PIRL 2019: Storing STL Containers on NVM

January 21, 2020markusdreselerPIRL Talks

In this blog post, we describe how existing code can be adapted to store data interchangeably on DRAM or NVM in a way that is transparent to the code accessing the data. Programming concepts discussed include polymorphic allocators and fancy (i.e., non-T*) pointers.

Markus Dreseler (Hasso Plattner Institute, Potsdam, Germany)

Slides: https://pirl.nvsl.io/PIRL2019-content/PIRL-2019-Markus-Dreseler.pdf

Background

At HPI, we develop the columnar in-memory database Hyrise. It is an open-source system, written in C++, that serves at a platform for a number of research projects. These projects include database footprint reduction (making more data fit into memory), exploiting NVM for its capacity and durability benefits, partially replicating data across multiple database nodes to improve throughput, and making the DBAs job easier by allowing the database to self-tune important configuration parameters.

In NVM, we see two benefits: Firstly, its persistency allows us to store data without creating a second, persistent copy. Doing so helps us in reducing the time needed to restart the database after a planned or unplanned downtime from minutes or hours to seconds. Secondly, the higher capacity of NVM compared to DRAM allows us to fit more memory into a system, enabling us to build bigger in-memory databases. As accesses to data stored on NVM are slower than accesses to DRAM, our system needs to carefully select the appropriate memory type for different parts of the database. For example, data that is read rarely and where sequential reads allow the prefetcher to hide some of NVM’s latency is a good candidate for being placed on NVM, while heavily used data with random access patterns should remain in DRAM.
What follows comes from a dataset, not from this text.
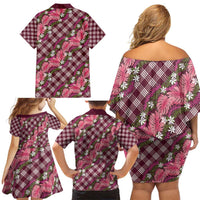 Polynesian Monstera Tiare Floral Family Matching Off Shoulder Short Dress and Hawaiian Shirt Fuchsia Tropical Plaid - Polynesian Pride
For our research, NVM is only one aspect amongst many. More people work on other components, and requiring them to understand the intricacies of NVM programming would place an additional burden on them. Thus, our goal is to make data structures NVM-aware without polluting the downstream interfaces.

Running Example

Throughout this blog post, we will work through an example that simulates an inverted index on a table:

std::vector<std::tuple<double /* column a */, int /* column b */>> table{
  {4.2, 5},
  {1.4, 7},
  {3.5, 2}
};

using Value = double;
using Position = std::size_t;
using InvertedIndex = std::map<Value, Position>;
auto index = InvertedIndex{};
for (size_t position = 0; position < table.size(); ++position) {
  index->emplace(std::get<0>(table[position]), position);
}

This is a heavily simplified example as databases usually do not use std::map (which is internally implemented as an rb-tree) for indexes. Also, other data structures are better candidates for being placed on NVM. Still, we like this example because the std::map is a bit more complex than a simple vector, while still being somewhat self-contained.

Having created the index, it is passed around the database and, for example, used when searching for a value in column a:

// Full table scan for a == 1.4, not making use of the index
// Complexity: O(n)
void table_scan(const Table& table) {
  for (const auto& [a, b] : table) {
    if (a == 1.4) std::cout << b << std::endl;  // prints 7
  }
}

// Index scan
// Complexity: O(log n)
void index_scan(const Table& table, const InvertedIndex& index) {
  auto range = index.equal_range(1.4);
  for (auto it = range.first; it != range.second; ++it) {
    const Position row_id = it->second;
    std::cout << std::get<1>(table[row_id]) << std::endl;  // prints 7
  }
}

Goals

Instead of always being on DRAM, this index should now optionally be placed on NVM. Such a decision might be made by the automatic tiering manager deciding that while the runtime savings of the index do not justify spending precious DRAM resources on it, it might be worth the additional memory usage when placed on more spacious NVM. In another scenario, the index is only used in certain time frames and is moved back and forth between DRAM and NVM.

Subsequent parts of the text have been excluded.